_Goal of the exercise_
Everything in the listing below except the pictures should be reproduced exactly.

_Data shown_

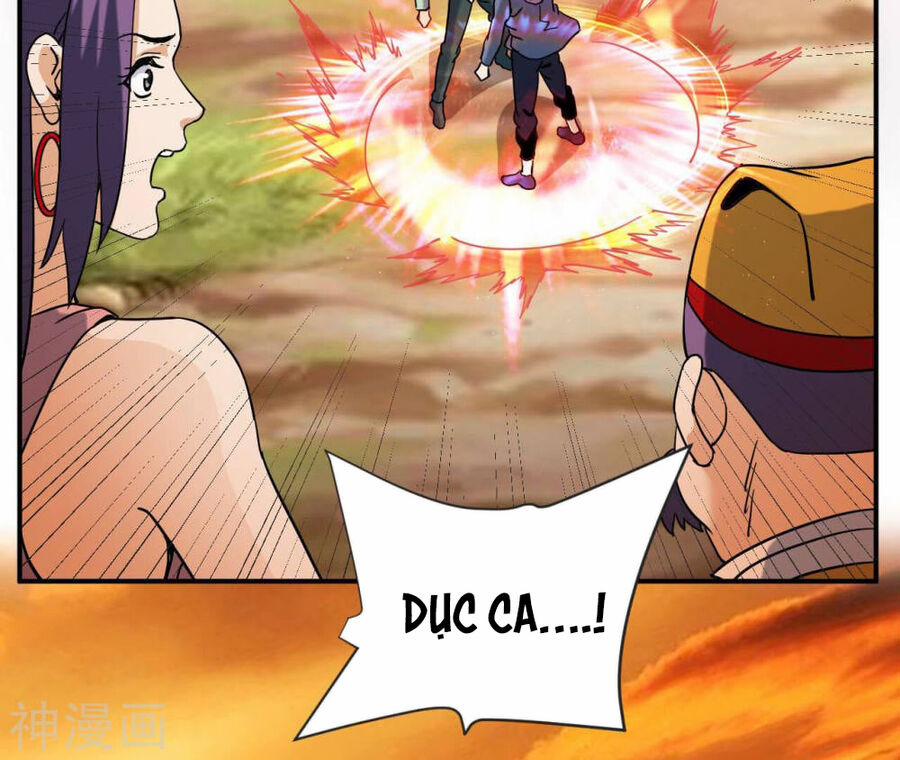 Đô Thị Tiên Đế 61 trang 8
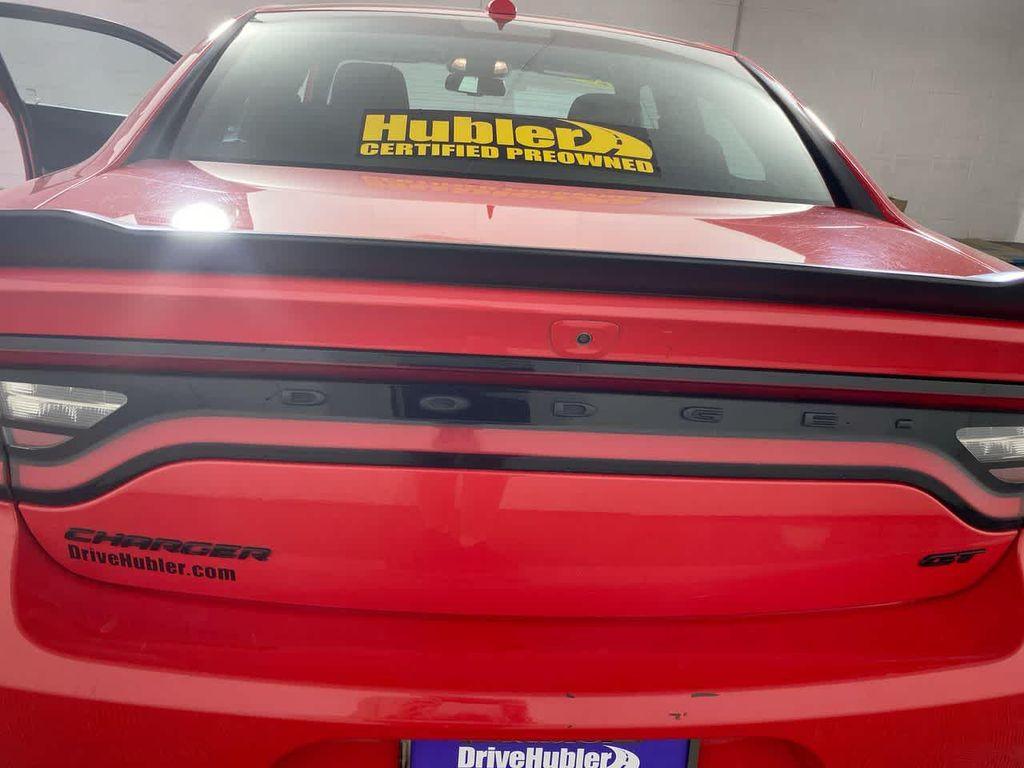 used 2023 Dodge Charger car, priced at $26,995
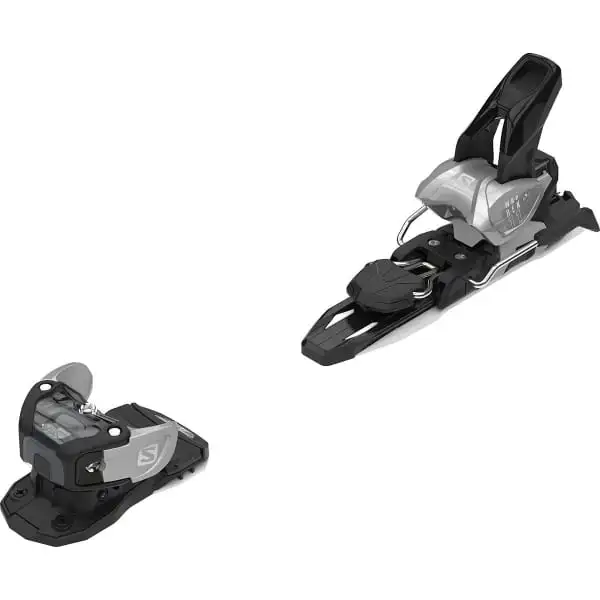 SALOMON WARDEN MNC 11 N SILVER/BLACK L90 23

_Answer area_
 Đô Thị Tiên Đế 61 trang 8
 used 2023 Dodge Charger car, priced at $26,995
 SALOMON WARDEN MNC 11 N SILVER/BLACK L90 23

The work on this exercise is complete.